George Florovsky sobre Agostinho e a autoridade da Igreja

No mesmo sentido nós temos que interpretar a bem conhecida e simplesmente surpreendente afirmativa de Santo Agostinho: Ego vero Evangelio non crederem, ni si catholicae Ecclesiae commoveret auctoritas [Na verdade, eu não teria acreditado no Evangelho, se a autoridade da Igreja Católica não tivesse me movido para tal (c. epistolam Fundamenti, v.6)]. A frase deve ser lida em seu contexto. Antes de tudo, Santo Agostinho não proferiu essa sentença por sua conta. Ela falava da atitude que um simples fiel deveria tomar, quando confrontado com a exigência herética da autoridade. Nessa situação era apropriado para um simples fiel apelar para a autoridade da Igreja, da qual e na qual, ele tinha recebido o próprio Evangelho; ipsi Evangelio catholicis praedicantibus credidi [Eu acreditei no Evangelho, sendo instruído por pregadores católicos]. O Evangelho e a pregação católica permanecem juntos. Santo Agostinho não tinha a intenção de "subordinar" o Evangelho à Igreja. Ele só queria enfatizar que o "Evangelho" é realmente recebido sempre no contexto da pregação católica da Igreja e simplesmente não pode ser separado da Igreja.

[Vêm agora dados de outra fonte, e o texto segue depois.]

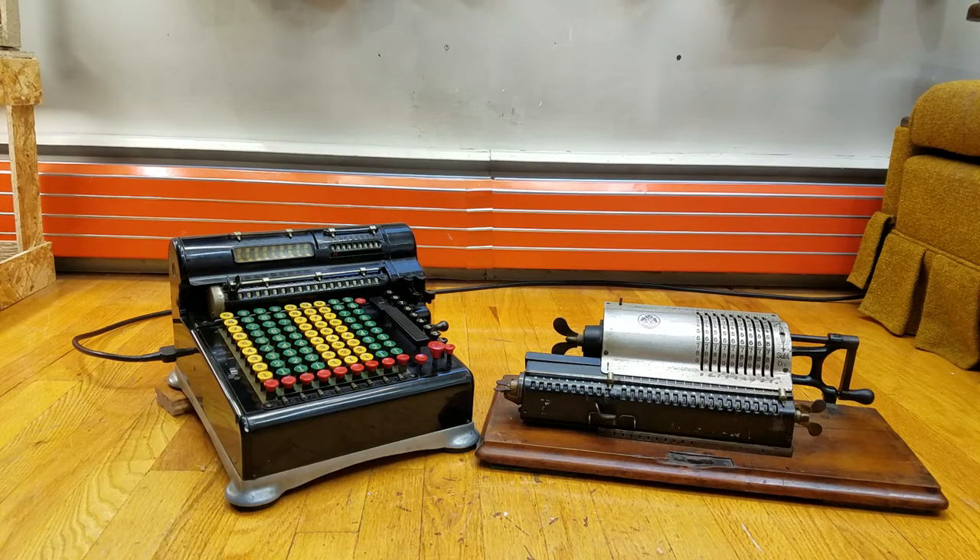Today I'm going to give you a little demonstration of what it looks like inside a mechanical calculator. The two calculators in front of you are: on the left, the Marchant EEG9 from 1927, and on the right, the Brunsviga Model A, which was originally released in 1894 and manufactured all the way up into the 1920s. I'm going to take the covers off and give you a demonstration of what's inside them and how they work.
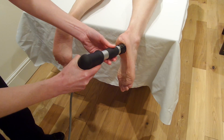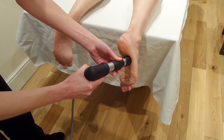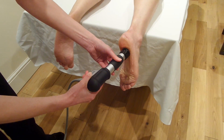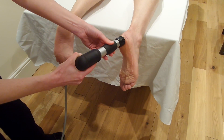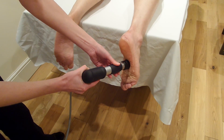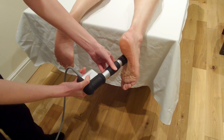Work up and down the plantar fascia generally in a snaking fashion, although you can stop and lie on spots of particular discomfort to make sure that you treat those spots more thoroughly than other parts.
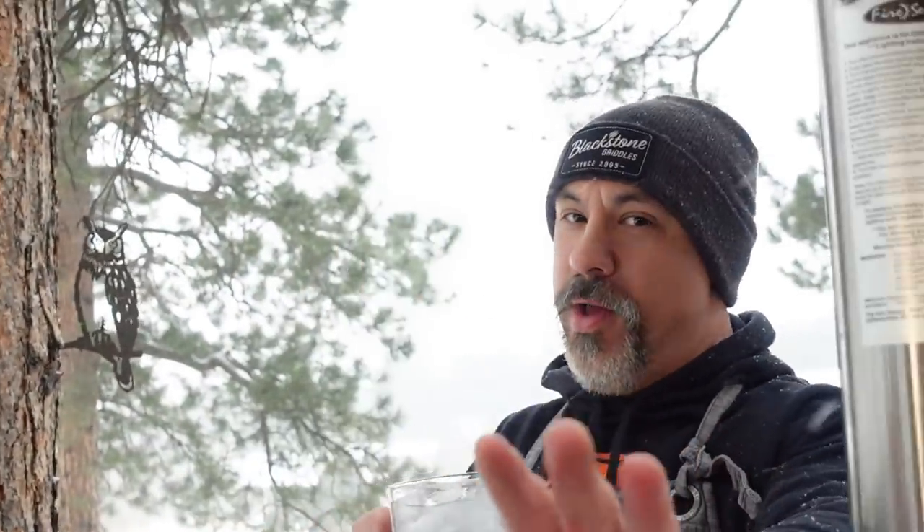Welcome back everybody. I'm here in snowy Colorado and Blackstone has been talking a lot about cheesesteaks lately. One of the things they're talking about is getting a little creative. People in Philadelphia, don't get mad at me.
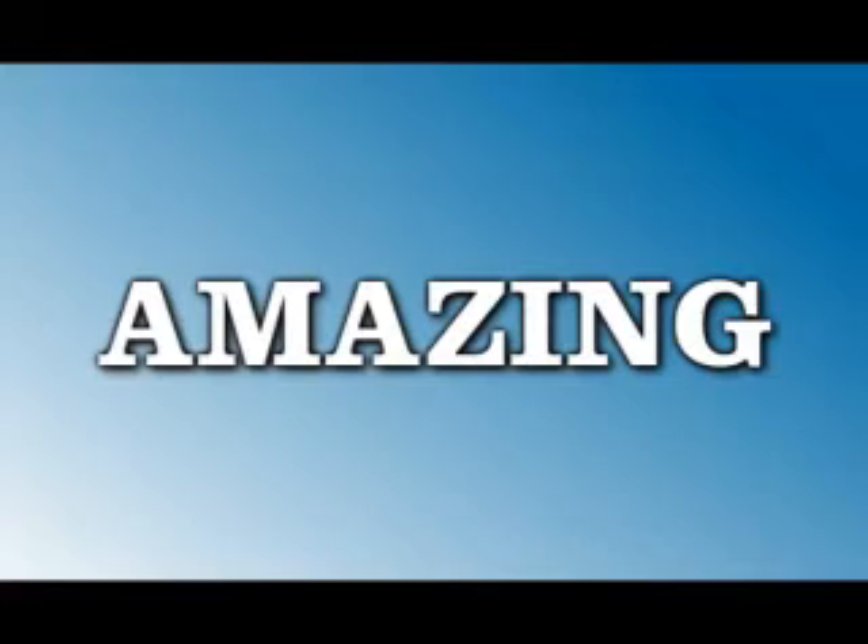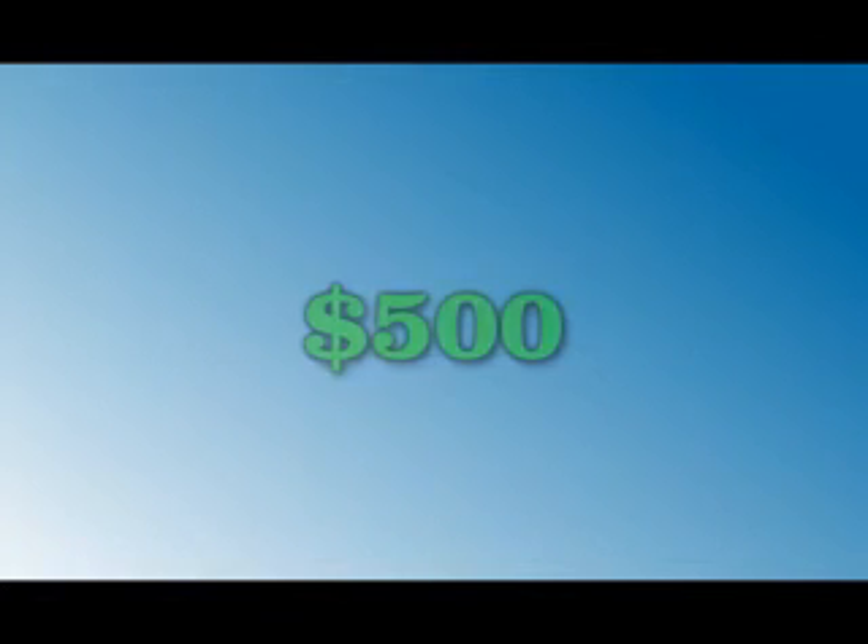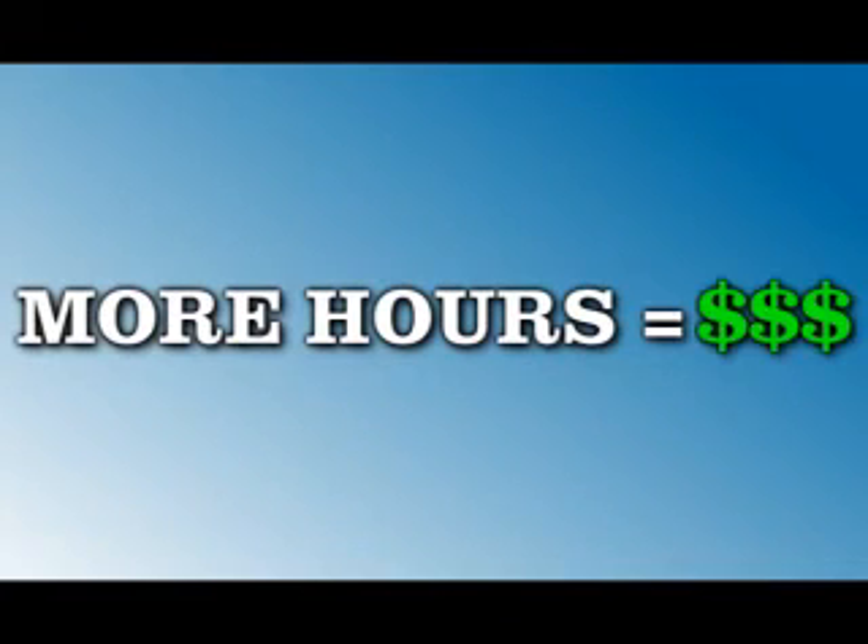I'm sure you're asking yourself, how much am I going to have to pay to buy this amazing clock? Well, it won't be cheap — you'll be spending a good $500 on this. But if you get to work on time, you'll be putting in more hours than normal. More hours means more money. More money means enough to pay for this clock. It's that simple.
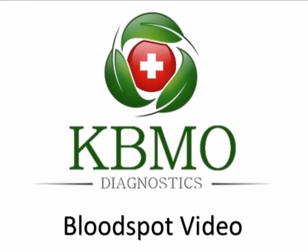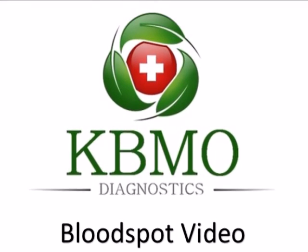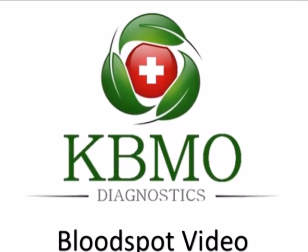In this video we are going to demonstrate the collection of a finger stick blood sample to send to the lab for testing.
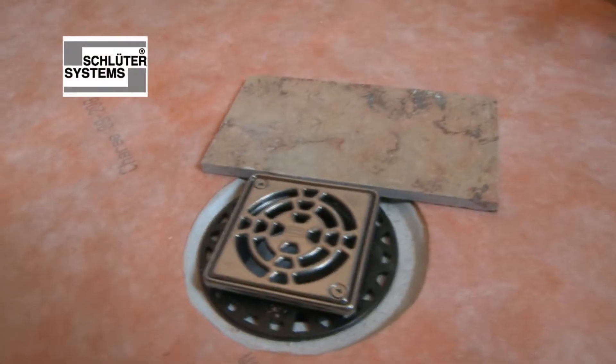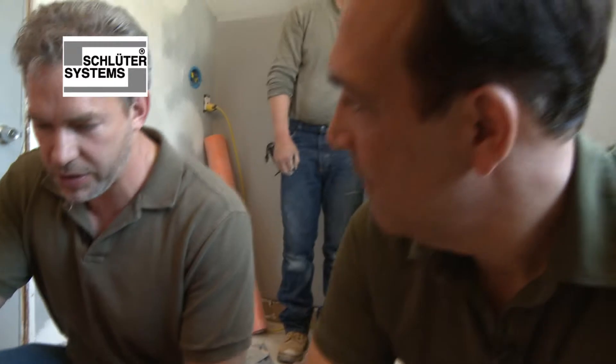Let's start with the drain, James. They made a square drain — were they thinking? Oh yeah, it's so much easier to cut around. It just works so much better with the installation. It actually fits with a 4x4 tile.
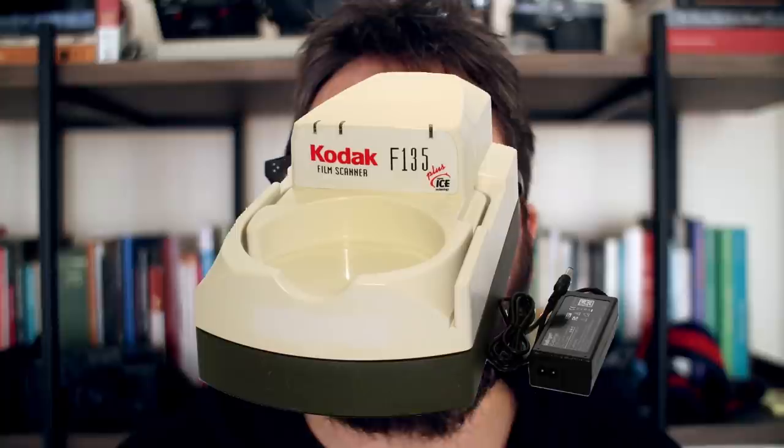I more or less understood the idea of developing your own film, but how do you put the film into the computer? So I started researching, and at that time the best option was to purchase a scanner. I purchased an Epson 4490, was super happy, used it for a bunch of years, and then a friend of mine showed me the wonders of the Pakon scanner.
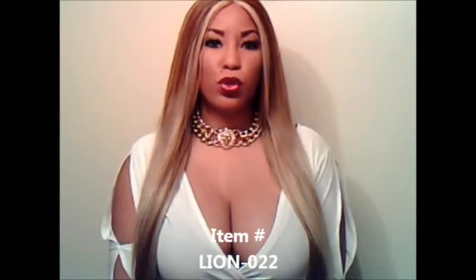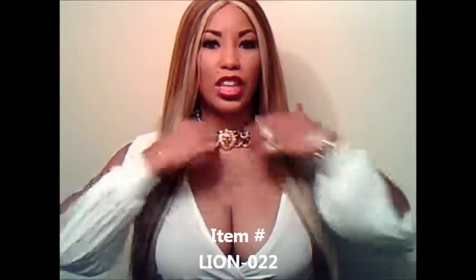Hi, I'm Kitty Kennedy. You're watching Imperial Dynasty Regalian Raw Jewels TV. The last item of the evening is Lion-022, which is the Lion Double Chain Necklace.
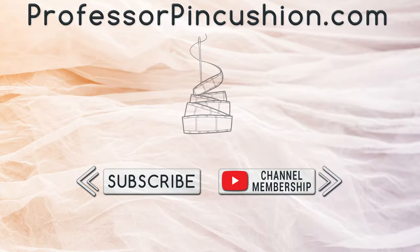We hope you enjoyed this tutorial. Please subscribe and click the bell icon to get notified of our new releases. Also check out ProfessorPinCushion.com to view our complete library with well over 450 sewing tutorials. If you would like to directly support us, you can join our YouTube membership and earn some exclusive perks. Thanks for watching!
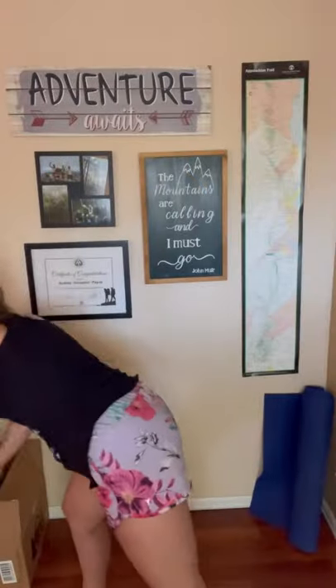This is the 15-liter Ursack. It's supposed to carry food for over a week, and this is the aluminum liner that goes inside of it. It's still pretty bulky, but it's a lot lighter than getting a bear can.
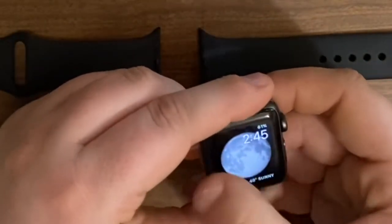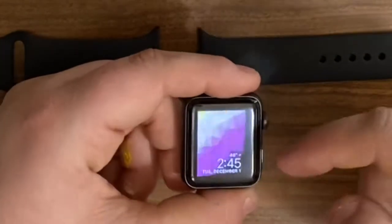I wanted to show off my watch faces here, so that's what this whole thing is.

Somente nesse contexto ele pode ser acessado e entendido apropriadamente. Na verdade, o testemunho das Escrituras é definitivamente "auto-evidente," mas só para os "fiéis", para aqueles que adquiriram uma certa maturidade "espiritual" — e isso somente é possível dentro da Igreja. Ele opunha a auctoritas desse ensinamento e pregação da Igreja Católica às pretensiosas extravagâncias da exegese maniqueana. O Evangelho não pertencia aos maniqueus. Catholicae Ecclesiae auctoritas [Autoridade da Igreja Católica] não era uma fonte independente de fé. Mas era o princípio indispensável de uma interpretação sadia. Realmente, a sentença pode ser mudada: não se deveria acreditar na Igreja, a não ser movido pelo Evangelho. A relação é estritamente recíproca (A função da tradição na Igreja antiga).